Michael del Vecchio grew up in Killingworth, Conn., and came to Washington in 1996 to attend the George Washington University, where he studied French language and literature. He works for Americans for the Arts, an arts advocacy organization. His project, called Animating Democracy, explores how arts and civic engagement operate in the world. He is co-founder of MenKnit.net, an online resource for men who knit, and has recently published his first book, “Knitting With Balls: A Hands-on Guide to Knitting for the Modern Man” (DK, 2006).
How did you get started knitting?
I learned at a dinner party in 2001. I had a good friend, Charles, who really wanted to learn to knit. He invited over his friend Dawn Benedetto, a jeweler with a studio at the Torpedo Factory. She taught us her kind of bastardized knitting. She learned to knit in one day from a book and it was the blind leading the blind. She taught us how to cast on, how to knit and purl, and how to bind off, and that was it. The next day we went off to a wool shop called Aylin’s Woolgatherer [in Falls Church] and bought some yarn and got started from there.
Has helping men learn to knit, become comfortable doing so, and forming knitting groups become a mission for you?
I wouldn’t say necessarily a mission, but it’s definitely an interest and … an opportunity. When Dan Vera and I founded [MenKnit.net] we just wanted to get some visibility for men who knit. It’s generally more recently thought of as women’s work, but there are hundreds of thousands of men who knit in this country … often forgotten by people who knit or people who talk about it. The book is an opportunity to … get some support for men who like to knit or men who want to learn.
Back in the early 1970s, Rosey Grier, the football player, helped associate needlepoint with men. Are there male celebrities who knit?
There’s a suspicious picture of Russell Crowe holding knitting needles. It’s thought that [he] knits, but there are no actual facts that say that. Laurence Fishburne is a knitter, and I may have heard somewhere that David Arquette is. A lot of [moviestars] are becoming interested because it’s a good way to pass the time between takes.
Tell me about the inspiration for some of the more unusual projects in “Knitting with Balls.”

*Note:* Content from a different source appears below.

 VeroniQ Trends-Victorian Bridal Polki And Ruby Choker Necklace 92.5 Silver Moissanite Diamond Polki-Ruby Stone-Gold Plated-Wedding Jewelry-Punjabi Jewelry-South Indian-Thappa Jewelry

Two things were going through my head whileI was writing the book. One was that there aren’t a lot of patterns out there for guys. Typically, if you walk into a yarn shop, you’ll find kind of a unisex scarf, a unisex hat, a general, flat, easy stockinette stitch pullover. I really wanted to design things that were a little bit … out there; kind of unexpected for guys to make for themselves. That had to run the gamut of the beer cosy — which is a great skillbuilder; you learn these new techniques fast — to the laptop cover-which is practical. I wanted a nice balance of clever and interesting that would advance the techniques that are taught in the book. Because guys don’t have a lot of choices when it comes to making things, I wanted to offer a nice amount of choices: between yarns, between speed of completion, [between levels of technical difficulty].
Are you working on a new book?
Something new will probably be coming out in early spring of 2008.
It’s going to have a nice selection of styles; it will be more technique-based and include tips I’ve picked up along the way. It will take “Knitting With Balls” to the next level. I’m also doing a fair amount of teaching evenings and weekends at Knit Happens in Alexandria. I also travel and teach.
Where are your favorite Washington places to knit?
I love to sit in Dupont Circle and knit. I live near Logan Circle, so [it] is convenient. I host two knitting groups that meet in the city, at the Caribou at 14th and Rhode Island. It’s also fun to go to the Warehouse Theater downtown. But when I’m doing work, I do it at home.